2005, Special Release IV
This is an odd tale because it starts kind of part way through the beginning. The Doctor and Peri are aboard a ship and things are already happening. It seems like an episode was cut off of the front end to make it fit on one CD, perhaps… I like the mermaid characters but the girl Amy, she’s seems pretty weak. Why couldn’t she just take the first chance she gets and escape? She uses the reason that if she and her baby aren’t around, then DeRequin will find others of her kind. But at the end, he is totally surprised by the amount of merpeople and even the concept of having tons of them around is amazing to him. Of course, he’s completely insane by then anyway. But if she escaped into the ocean, De Requin would have nothing and wouldn’t be able to capture them again. There’s the problem of her child but if she was clever, she could just act dumb and weak until a plan to escape came to her and she got them both out of there.

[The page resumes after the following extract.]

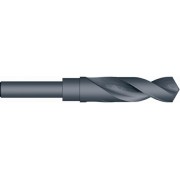 Image for 1"x 1/2" A170 HSS Reduced Shank Drills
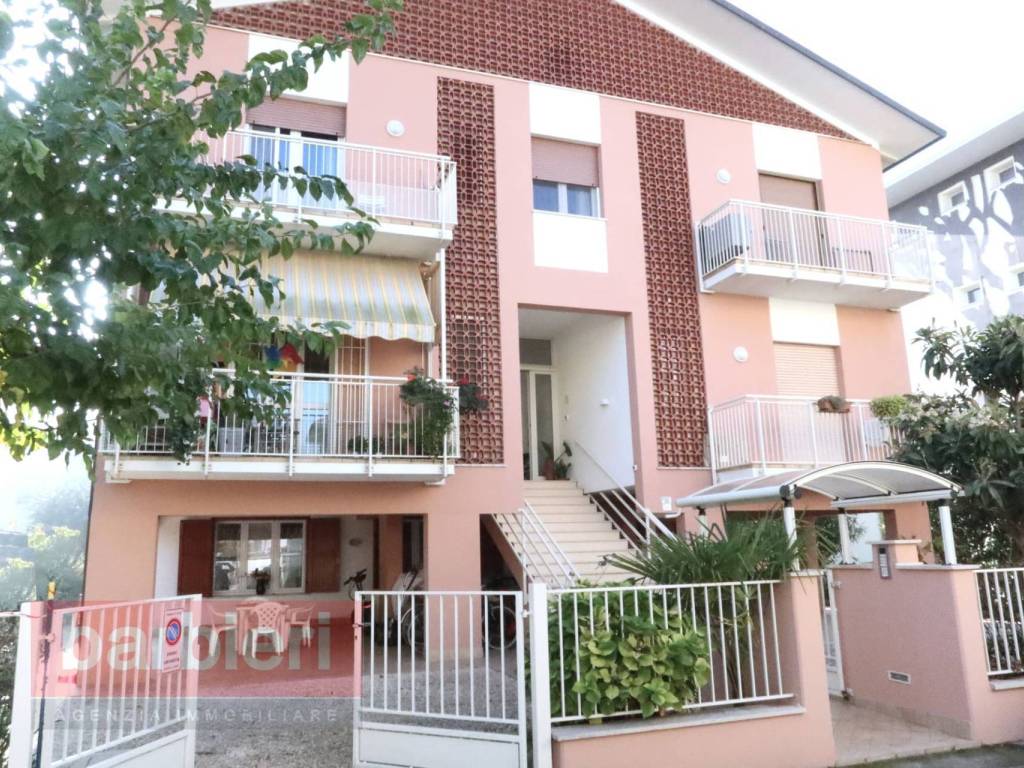 Appartamento a Cervia in Toscana, 11 - Foto 2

But that isn’t her forte, the thinking thing, and she loses her life for it. At least Peri can oppose the Chief Mate and keep the baby safe. Then the merpeople can take their revenge on her captor and survive intact as a people. With the whole ocean to live in, I would think they could have more than a few hundred merepeople living there. They wouldn’t be discovered by sonar because there was no sonar in this timeperiod where sailing ships rule. But they do have pumps and a motor… So what time period is it? hmmm. That’s not very clear, making the story a bit muddled. Overall, it works and perhaps that’s because we, the audience, are thrown into the middle of everything. The captain’s a bit wacked, though. Accuse the Doctor of killing people to throw his first mate off the scent? Huh? It’s not a very strong story. So if there was less drama, it would be a two jelloid story but instead, it slips into the three jelloid “zone.”